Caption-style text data
··········

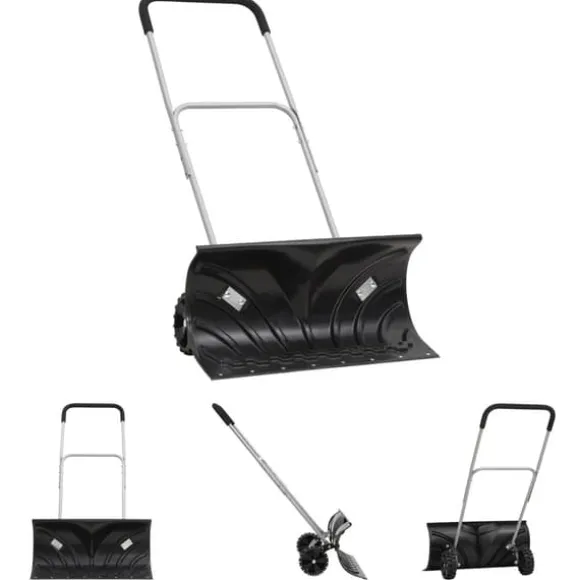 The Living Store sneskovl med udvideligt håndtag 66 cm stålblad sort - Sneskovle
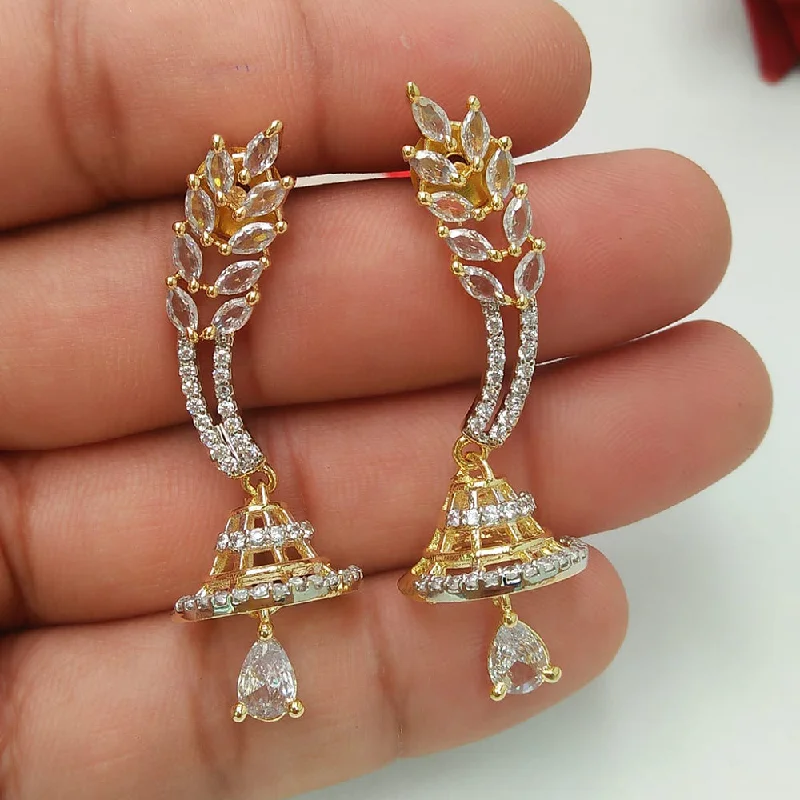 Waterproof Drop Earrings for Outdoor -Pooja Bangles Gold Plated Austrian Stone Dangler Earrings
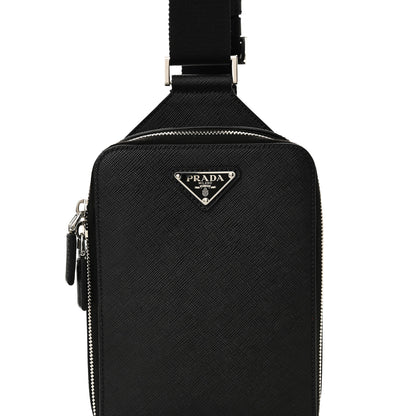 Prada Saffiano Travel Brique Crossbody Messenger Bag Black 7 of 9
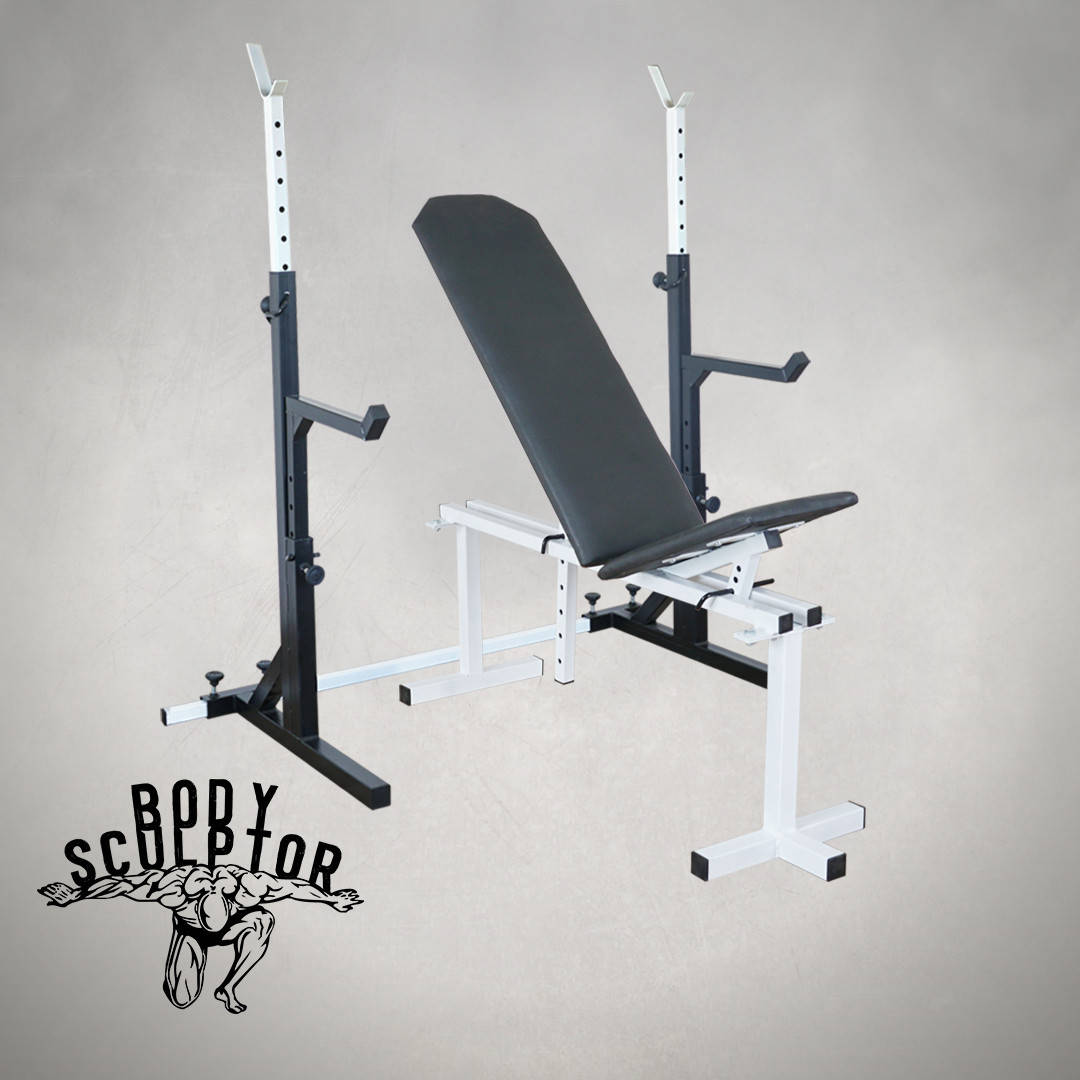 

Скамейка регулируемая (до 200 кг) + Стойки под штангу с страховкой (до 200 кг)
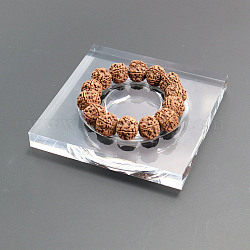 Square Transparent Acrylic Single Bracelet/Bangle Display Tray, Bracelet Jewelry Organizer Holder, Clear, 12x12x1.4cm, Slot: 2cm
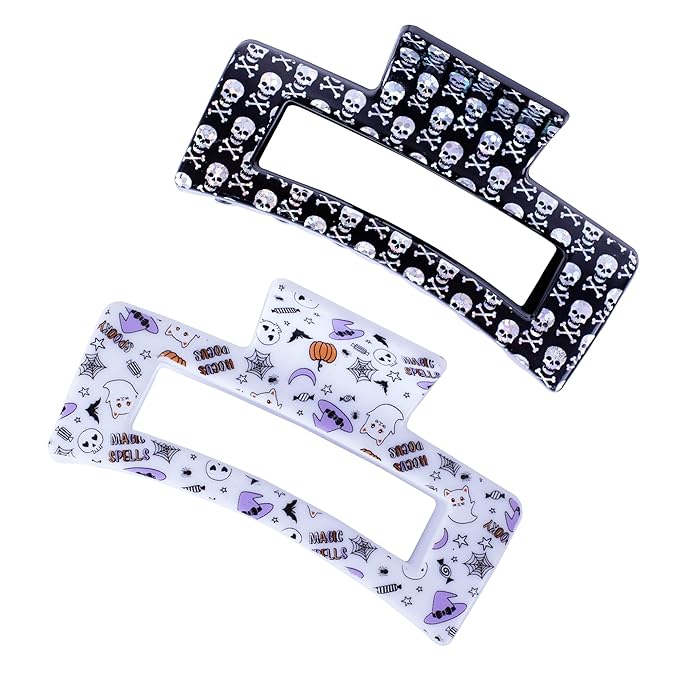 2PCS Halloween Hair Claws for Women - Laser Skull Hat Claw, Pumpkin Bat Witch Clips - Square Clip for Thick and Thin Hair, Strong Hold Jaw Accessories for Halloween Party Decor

··········

-- WORK ORDER --
Give an exact copy of the entries, excluding all pictures.

-- EXPECTED OUTPUT --
 The Living Store sneskovl med udvideligt håndtag 66 cm stålblad sort - Sneskovle
 Waterproof Drop Earrings for Outdoor -Pooja Bangles Gold Plated Austrian Stone Dangler Earrings
 Prada Saffiano Travel Brique Crossbody Messenger Bag Black 7 of 9

Скамейка регулируемая (до 200 кг) + Стойки под штангу с страховкой (до 200 кг)
 Square Transparent Acrylic Single Bracelet/Bangle Display Tray, Bracelet Jewelry Organizer Holder, Clear, 12x12x1.4cm, Slot: 2cm
 2PCS Halloween Hair Claws for Women - Laser Skull Hat Claw, Pumpkin Bat Witch Clips - Square Clip for Thick and Thin Hair, Strong Hold Jaw Accessories for Halloween Party Decor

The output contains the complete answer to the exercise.